Mi è tornato in mente mentre ascoltavo il suo ultimo disco, “The Classic”: ho pensato che ci vuole del puro talento per fare un disco che suona così fuori dalle mode, che ci vuole personalità per indossare paillettes rosa ed essere bella in quel modo sgraziato in cui sono belle certe cantautrici, che “The classic” non è un disco indimenticabile, però è un disco che possono fare poche persone. A quel concerto, il tastierista indossava una maglia di Whitney Houston in un modo del tutto non ironico.
Buon pastiche musicale, questo album è quello che si definisce un album maturo ““ ossia, Joan Wasser è in una posizione in cui non deve chiedere niente, libera di cantare e suonare quello che più le piace. Dal do-wop alla musica soul, Joan si diverte a cantare con il suo timbro bello e inconfondibile su canzoni che sembrano appartenerle meno del solito, ma che sa governare con la solita grazia. La title-track The classic sembra arrivare dagli anni ’60, sembra la cover di un pezzo che decenni fa avrebbero ballato muovendo a tempo il bacino o ascoltato distesi sul tappeto in camera: eppure niente di tutto questo è veramente datato, nè troppo detto, anche se tecnicamente è solo un montaggio di luogo comuni, di costruzioni e immagini che già abbiamo visto e sentito (state ballando abbracciando un cuscino, vero?). Assomiglia tutto più a un gioco di stile, a un gioco linguistico: le 99 versioni della stessa storia, un romanzo scritto senza usare una vocale, il disco di una donna che sta bene e si diverte a riproporre la sua versione della storia musicale, che ti dice che sarebbe stata la cantante perfetta in ogni epoca. “The classic” è un disco che non sperimenta, ma perchè lei non ha bisogno ““ qui, a questa altezza ““ di sperimentar:, “I’m in the best place I’ve ever been”, dice, e a noi va bene.
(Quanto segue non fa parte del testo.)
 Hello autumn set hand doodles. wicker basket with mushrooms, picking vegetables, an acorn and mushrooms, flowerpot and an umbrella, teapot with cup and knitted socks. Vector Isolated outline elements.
E le canzoni sono solo canzoni, forse non dicono niente di vero o di biografico; le storie sono qualcosa che ci raccontiamo, con buona pace di tutta la critica e della Wasser stessa: there’s a story that’s been in my life and I’ve taken it as gospel sure as the day/ But now I’m starting to see that it’s just an invention that really wasn’t about me.
Alla fine qualche perplessità resta, perchè tutto sommato questo disco è privo dell’incisività di molta della produzione di Joan, nonostante la cura stilistica interessante, la ricchezza musicale e una voce che le permette di fare tutto (“The New year’s day”, tanto per dirne una). Ma a una cantante così, davvero, cosa volete dire? Oh this is how I start my love letter, but I may have missed my mark.